__WORK INSTRUCTION__:
Find all lines in the records that include the word "Image", and copy them out.

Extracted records
======

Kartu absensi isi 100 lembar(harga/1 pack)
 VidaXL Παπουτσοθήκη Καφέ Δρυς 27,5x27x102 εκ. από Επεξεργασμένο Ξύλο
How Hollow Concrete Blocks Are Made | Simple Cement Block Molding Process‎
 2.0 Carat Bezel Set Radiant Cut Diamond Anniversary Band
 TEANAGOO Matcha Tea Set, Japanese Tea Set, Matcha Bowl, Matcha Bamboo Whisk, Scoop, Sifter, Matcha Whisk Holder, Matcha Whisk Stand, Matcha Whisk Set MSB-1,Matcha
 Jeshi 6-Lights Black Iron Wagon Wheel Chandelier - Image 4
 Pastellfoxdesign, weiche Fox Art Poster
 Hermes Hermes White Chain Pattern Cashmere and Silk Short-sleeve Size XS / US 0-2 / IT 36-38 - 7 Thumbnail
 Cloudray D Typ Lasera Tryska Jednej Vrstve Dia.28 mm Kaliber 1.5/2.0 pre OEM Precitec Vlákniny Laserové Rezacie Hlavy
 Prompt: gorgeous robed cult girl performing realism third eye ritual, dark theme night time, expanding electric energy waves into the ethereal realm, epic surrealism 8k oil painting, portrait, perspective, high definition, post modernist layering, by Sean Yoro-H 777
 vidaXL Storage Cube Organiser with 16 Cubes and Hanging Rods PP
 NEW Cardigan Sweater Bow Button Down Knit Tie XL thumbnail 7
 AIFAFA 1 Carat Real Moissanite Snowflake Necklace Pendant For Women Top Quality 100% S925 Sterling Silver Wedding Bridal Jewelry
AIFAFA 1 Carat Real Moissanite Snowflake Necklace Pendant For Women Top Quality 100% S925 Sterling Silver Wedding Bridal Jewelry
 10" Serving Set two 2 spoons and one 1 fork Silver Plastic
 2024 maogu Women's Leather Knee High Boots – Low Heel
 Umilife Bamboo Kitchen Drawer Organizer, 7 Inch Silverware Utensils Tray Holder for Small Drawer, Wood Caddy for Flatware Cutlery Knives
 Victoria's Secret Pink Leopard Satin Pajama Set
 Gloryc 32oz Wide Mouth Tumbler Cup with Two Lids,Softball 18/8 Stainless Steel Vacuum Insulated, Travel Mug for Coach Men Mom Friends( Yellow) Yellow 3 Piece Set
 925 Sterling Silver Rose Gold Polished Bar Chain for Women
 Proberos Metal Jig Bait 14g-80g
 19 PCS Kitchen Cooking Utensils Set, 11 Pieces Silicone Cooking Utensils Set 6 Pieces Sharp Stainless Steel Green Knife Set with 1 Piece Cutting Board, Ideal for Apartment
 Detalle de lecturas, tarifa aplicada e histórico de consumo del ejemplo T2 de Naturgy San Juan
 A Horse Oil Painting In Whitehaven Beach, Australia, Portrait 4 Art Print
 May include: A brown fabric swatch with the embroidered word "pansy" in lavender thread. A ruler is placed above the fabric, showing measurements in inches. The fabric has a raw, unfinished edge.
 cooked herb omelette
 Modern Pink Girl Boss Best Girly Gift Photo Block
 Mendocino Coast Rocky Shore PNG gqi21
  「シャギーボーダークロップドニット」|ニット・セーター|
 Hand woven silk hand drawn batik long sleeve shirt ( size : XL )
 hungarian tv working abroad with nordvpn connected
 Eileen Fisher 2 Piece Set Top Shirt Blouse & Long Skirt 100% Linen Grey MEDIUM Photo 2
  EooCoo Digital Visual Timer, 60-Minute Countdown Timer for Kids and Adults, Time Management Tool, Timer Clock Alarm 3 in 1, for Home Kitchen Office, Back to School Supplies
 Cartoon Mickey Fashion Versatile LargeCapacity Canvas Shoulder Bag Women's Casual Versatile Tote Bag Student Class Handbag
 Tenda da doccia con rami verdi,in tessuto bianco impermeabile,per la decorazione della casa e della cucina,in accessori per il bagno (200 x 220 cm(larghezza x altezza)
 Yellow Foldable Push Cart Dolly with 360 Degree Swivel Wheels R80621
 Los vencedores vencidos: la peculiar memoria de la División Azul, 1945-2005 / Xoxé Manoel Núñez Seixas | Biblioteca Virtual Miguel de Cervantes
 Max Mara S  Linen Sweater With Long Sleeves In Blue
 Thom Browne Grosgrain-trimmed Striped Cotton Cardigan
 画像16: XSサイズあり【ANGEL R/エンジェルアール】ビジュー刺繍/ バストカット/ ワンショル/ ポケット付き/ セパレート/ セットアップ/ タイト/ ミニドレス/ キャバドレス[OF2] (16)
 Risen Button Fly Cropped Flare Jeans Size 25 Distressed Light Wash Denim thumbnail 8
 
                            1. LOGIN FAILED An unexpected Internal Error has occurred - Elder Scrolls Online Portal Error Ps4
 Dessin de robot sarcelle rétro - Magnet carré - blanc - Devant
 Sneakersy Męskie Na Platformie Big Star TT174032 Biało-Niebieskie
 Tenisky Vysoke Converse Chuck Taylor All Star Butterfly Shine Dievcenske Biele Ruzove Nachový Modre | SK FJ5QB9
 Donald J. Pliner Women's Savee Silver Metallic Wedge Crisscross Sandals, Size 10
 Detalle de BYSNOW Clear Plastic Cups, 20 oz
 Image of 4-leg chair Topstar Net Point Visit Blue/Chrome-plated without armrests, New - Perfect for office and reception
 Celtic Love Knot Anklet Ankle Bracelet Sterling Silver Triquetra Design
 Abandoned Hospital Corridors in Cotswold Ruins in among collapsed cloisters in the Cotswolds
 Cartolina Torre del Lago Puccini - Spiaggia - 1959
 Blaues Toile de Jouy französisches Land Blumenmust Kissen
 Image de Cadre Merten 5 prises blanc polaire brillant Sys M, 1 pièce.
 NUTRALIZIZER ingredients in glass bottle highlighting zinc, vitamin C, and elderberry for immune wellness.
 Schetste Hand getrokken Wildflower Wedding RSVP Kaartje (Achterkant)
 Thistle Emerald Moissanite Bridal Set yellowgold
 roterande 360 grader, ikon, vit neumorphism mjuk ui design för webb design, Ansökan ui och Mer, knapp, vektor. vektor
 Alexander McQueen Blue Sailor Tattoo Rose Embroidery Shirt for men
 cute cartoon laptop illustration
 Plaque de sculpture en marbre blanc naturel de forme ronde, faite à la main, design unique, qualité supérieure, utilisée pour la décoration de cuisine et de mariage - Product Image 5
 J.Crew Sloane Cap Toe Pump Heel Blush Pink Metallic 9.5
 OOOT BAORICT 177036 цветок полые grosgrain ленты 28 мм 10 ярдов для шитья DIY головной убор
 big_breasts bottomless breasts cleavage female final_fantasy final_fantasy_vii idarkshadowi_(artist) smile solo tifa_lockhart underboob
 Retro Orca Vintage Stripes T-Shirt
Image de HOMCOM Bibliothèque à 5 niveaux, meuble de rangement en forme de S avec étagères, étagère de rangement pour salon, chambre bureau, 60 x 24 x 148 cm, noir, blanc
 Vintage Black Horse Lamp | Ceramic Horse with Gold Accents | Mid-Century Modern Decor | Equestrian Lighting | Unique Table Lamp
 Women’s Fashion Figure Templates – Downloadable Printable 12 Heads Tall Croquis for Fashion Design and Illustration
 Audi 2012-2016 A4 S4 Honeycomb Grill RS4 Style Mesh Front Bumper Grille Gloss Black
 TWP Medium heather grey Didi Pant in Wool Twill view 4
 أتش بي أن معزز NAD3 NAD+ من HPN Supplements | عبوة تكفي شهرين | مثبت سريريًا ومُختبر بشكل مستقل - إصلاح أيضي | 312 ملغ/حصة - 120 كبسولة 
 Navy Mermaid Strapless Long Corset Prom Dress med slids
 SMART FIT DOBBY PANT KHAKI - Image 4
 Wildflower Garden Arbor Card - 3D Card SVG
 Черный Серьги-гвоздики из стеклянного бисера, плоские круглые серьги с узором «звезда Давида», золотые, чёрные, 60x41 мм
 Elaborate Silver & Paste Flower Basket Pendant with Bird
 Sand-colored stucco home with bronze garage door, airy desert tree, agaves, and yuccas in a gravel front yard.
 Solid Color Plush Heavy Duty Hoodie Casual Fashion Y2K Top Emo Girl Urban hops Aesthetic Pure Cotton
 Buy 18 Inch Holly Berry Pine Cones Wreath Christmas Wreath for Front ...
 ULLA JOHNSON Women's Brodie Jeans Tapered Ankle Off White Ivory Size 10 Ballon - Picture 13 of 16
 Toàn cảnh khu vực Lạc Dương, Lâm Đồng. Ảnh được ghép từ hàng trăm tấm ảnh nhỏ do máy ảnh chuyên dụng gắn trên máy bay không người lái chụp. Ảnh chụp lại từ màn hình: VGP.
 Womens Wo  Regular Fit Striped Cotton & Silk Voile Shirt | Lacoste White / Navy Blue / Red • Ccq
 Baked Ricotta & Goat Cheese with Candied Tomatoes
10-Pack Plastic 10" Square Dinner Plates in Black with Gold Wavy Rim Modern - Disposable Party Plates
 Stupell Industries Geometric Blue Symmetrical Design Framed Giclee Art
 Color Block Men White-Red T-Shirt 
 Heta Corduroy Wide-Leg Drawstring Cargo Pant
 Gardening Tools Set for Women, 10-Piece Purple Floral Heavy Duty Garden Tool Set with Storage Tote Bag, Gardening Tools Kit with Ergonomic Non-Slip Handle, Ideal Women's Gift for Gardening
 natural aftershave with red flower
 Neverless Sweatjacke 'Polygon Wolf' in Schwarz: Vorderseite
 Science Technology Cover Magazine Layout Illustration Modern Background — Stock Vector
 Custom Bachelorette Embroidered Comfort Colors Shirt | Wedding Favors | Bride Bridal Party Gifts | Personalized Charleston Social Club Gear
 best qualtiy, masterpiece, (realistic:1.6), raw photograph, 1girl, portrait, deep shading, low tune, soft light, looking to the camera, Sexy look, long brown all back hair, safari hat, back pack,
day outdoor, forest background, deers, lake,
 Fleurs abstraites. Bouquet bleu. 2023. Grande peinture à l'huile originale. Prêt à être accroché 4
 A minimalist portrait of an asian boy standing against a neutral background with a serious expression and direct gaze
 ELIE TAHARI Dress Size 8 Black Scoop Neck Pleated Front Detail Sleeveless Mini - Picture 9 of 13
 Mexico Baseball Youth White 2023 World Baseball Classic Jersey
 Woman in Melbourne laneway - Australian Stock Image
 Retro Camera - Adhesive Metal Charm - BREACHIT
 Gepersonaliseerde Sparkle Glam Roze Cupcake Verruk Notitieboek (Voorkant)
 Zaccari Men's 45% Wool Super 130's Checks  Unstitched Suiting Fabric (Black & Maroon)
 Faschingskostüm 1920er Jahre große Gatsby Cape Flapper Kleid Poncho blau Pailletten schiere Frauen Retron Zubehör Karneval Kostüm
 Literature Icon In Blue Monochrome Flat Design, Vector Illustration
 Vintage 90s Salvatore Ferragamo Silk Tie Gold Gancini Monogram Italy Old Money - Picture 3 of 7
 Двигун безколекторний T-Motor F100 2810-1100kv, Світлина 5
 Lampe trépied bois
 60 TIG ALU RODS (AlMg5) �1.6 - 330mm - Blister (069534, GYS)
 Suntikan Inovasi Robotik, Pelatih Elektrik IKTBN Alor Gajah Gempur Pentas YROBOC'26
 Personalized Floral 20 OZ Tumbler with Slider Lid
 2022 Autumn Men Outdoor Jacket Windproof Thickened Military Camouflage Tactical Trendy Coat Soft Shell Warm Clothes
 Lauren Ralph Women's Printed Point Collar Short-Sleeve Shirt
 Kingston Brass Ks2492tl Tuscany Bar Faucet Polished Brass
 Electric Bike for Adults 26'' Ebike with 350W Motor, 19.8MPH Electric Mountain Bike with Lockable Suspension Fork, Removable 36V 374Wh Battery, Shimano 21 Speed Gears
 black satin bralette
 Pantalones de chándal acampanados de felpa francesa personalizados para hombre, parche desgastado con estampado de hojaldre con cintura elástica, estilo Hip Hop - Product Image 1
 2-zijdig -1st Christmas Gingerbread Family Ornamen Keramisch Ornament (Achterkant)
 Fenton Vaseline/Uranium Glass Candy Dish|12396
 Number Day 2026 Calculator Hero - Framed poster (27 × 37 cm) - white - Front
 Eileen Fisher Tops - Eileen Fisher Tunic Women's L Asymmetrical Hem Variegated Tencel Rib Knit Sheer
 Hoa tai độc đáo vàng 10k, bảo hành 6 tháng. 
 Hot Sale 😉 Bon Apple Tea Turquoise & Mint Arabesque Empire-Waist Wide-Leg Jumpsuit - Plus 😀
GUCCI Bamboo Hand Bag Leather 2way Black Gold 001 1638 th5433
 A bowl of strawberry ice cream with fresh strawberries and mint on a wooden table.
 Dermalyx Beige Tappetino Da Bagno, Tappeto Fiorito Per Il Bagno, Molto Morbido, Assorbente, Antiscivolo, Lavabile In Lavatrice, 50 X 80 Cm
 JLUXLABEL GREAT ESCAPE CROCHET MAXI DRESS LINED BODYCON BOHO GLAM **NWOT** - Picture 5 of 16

======

__WRITTEN RESPONSE__:
 Jeshi 6-Lights Black Iron Wagon Wheel Chandelier - Image 4
 Image of 4-leg chair Topstar Net Point Visit Blue/Chrome-plated without armrests, New - Perfect for office and reception
 Image de Cadre Merten 5 prises blanc polaire brillant Sys M, 1 pièce.
 Plaque de sculpture en marbre blanc naturel de forme ronde, faite à la main, design unique, qualité supérieure, utilisée pour la décoration de cuisine et de mariage - Product Image 5
Image de HOMCOM Bibliothèque à 5 niveaux, meuble de rangement en forme de S avec étagères, étagère de rangement pour salon, chambre bureau, 60 x 24 x 148 cm, noir, blanc
 SMART FIT DOBBY PANT KHAKI - Image 4
 Woman in Melbourne laneway - Australian Stock Image
 Pantalones de chándal acampanados de felpa francesa personalizados para hombre, parche desgastado con estampado de hojaldre con cintura elástica, estilo Hip Hop - Product Image 1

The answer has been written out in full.